- **Work task**: Below are some records; give them all again exactly, but not the pictures.

Records shown: Begin

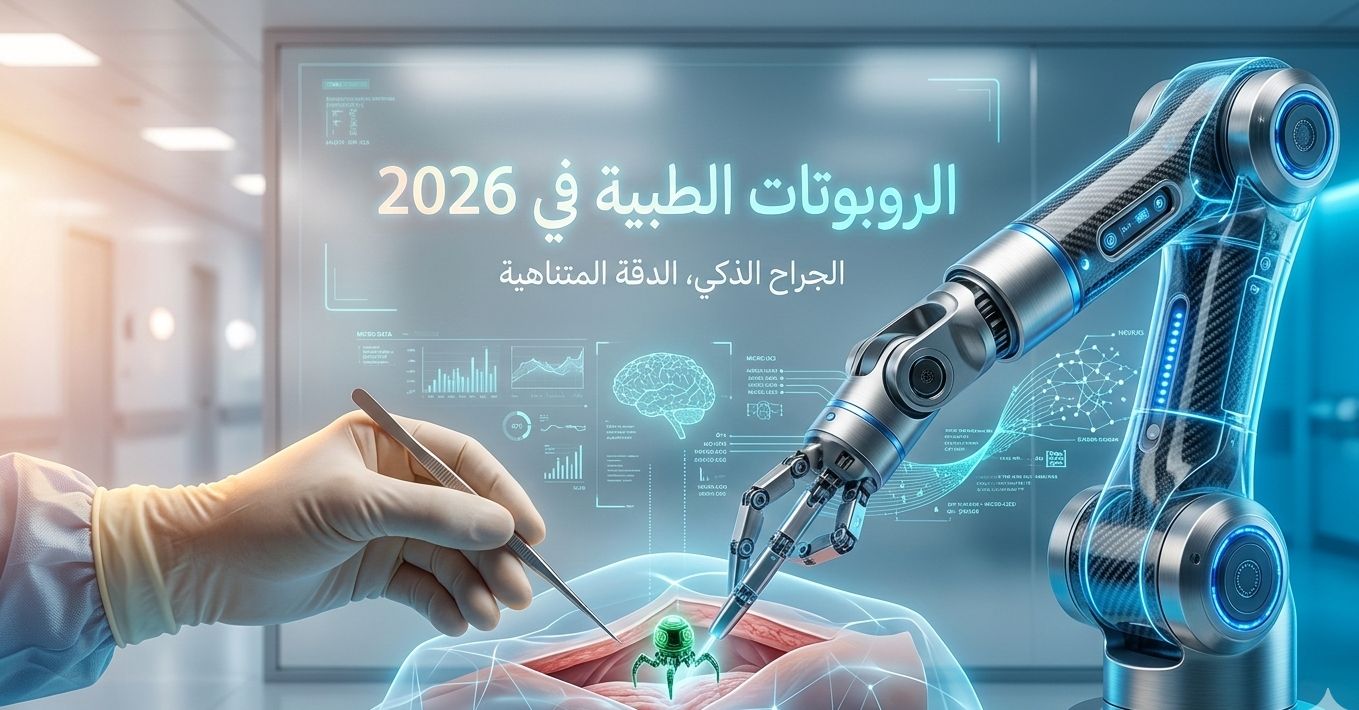 رسم توضيحي مبسط لذراع روبوت جراحي مع يد طبيب، يمثل مستقبل الطب الرقمي في 2026."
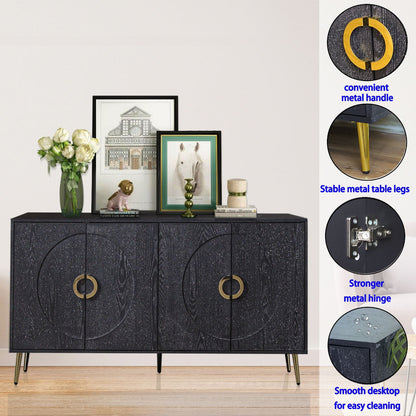 Modern Lacquered 4 Door Wooden Cabinet Sideboard Buffet Server Cabinet Storage Cabinet, For Living Room, Entryway, Hallway, Office, Kitchen And Dining Room - Distressed Black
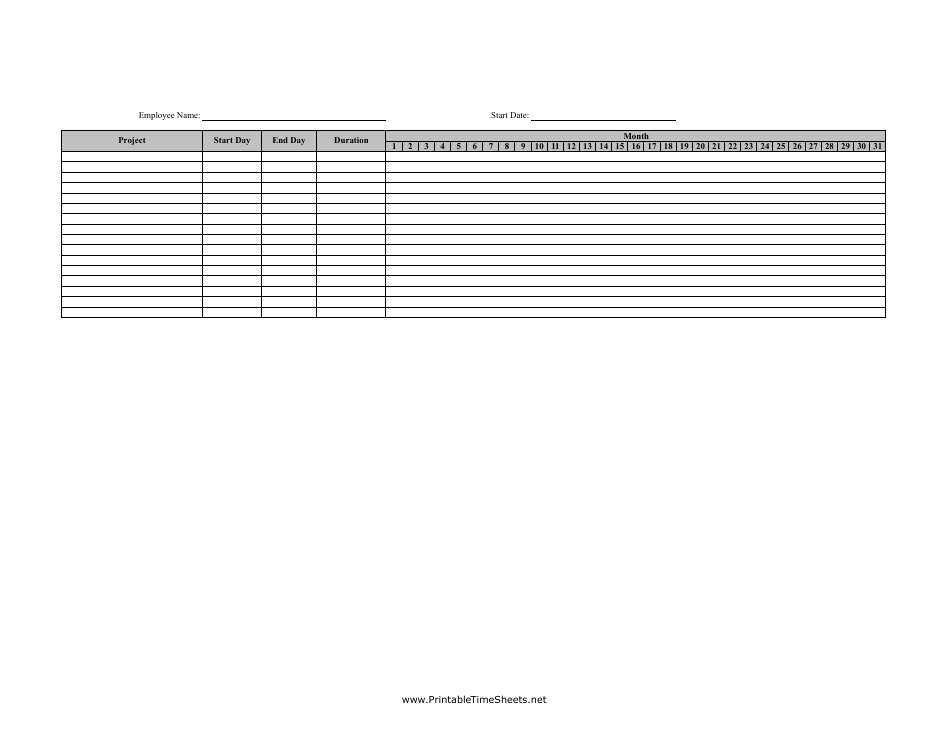 Employee Time Tracking Spreadsheet Template, Page 1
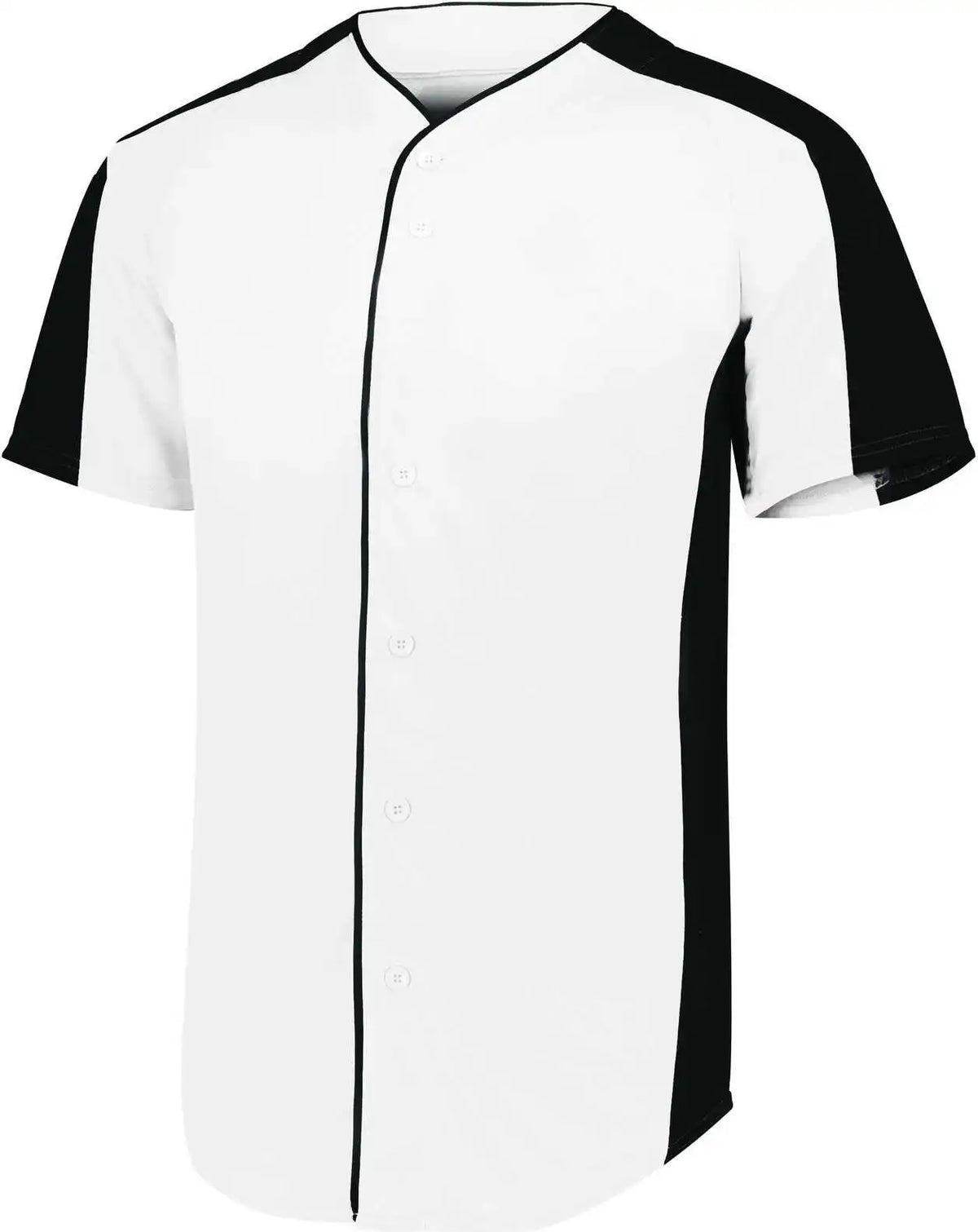 Augusta 1656 Youth Full-button Baseball Jersey - White Black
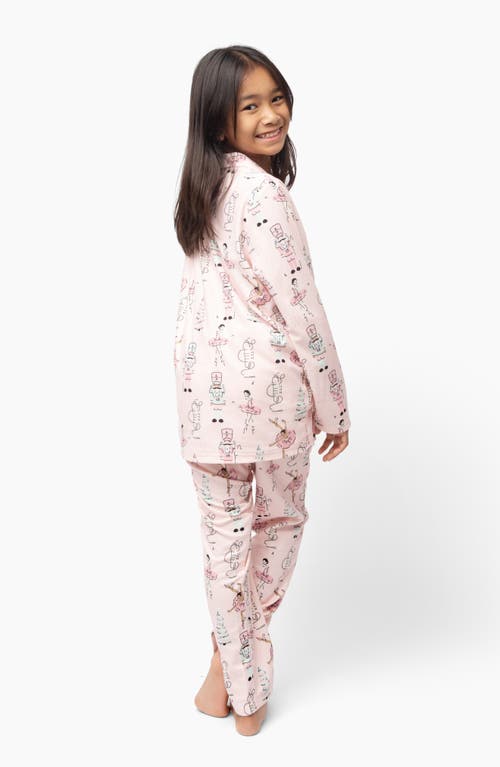 Shop Munki Munki Kids' Holiday Nutcracker Flannel Two-piece Pajamas In Pink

Records shown: End

- **Exercise answer**:
 رسم توضيحي مبسط لذراع روبوت جراحي مع يد طبيب، يمثل مستقبل الطب الرقمي في 2026."
 Modern Lacquered 4 Door Wooden Cabinet Sideboard Buffet Server Cabinet Storage Cabinet, For Living Room, Entryway, Hallway, Office, Kitchen And Dining Room - Distressed Black
 Employee Time Tracking Spreadsheet Template, Page 1
 Augusta 1656 Youth Full-button Baseball Jersey - White Black
 Shop Munki Munki Kids' Holiday Nutcracker Flannel Two-piece Pajamas In Pink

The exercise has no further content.